PROMPT: Tell me how many lines in the data include "pants", and keep the reply to that number.

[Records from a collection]
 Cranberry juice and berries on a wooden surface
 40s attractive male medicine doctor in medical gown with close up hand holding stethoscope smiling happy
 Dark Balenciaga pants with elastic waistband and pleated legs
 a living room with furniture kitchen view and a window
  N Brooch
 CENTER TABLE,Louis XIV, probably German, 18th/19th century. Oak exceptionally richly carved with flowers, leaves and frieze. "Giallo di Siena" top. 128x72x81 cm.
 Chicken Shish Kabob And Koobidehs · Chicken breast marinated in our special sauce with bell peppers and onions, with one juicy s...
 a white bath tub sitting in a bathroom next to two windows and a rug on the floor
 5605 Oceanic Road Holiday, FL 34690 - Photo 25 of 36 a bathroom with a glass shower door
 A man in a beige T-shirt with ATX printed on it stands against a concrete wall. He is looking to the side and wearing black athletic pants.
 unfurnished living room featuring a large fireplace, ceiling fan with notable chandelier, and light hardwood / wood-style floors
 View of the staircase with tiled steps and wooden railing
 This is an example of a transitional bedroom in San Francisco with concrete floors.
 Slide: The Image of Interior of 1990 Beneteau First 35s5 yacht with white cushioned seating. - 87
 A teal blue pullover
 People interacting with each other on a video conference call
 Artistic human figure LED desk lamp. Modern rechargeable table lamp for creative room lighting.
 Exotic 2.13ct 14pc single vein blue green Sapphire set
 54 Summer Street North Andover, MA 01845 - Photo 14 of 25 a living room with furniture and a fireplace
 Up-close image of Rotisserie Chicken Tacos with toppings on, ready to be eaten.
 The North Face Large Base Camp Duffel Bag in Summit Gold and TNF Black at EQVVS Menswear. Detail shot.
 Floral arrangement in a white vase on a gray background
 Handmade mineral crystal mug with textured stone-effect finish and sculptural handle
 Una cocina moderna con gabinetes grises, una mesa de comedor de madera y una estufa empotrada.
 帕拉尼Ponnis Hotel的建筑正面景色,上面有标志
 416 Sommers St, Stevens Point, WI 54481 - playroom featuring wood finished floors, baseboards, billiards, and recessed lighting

WRITTEN SOLUTION: 2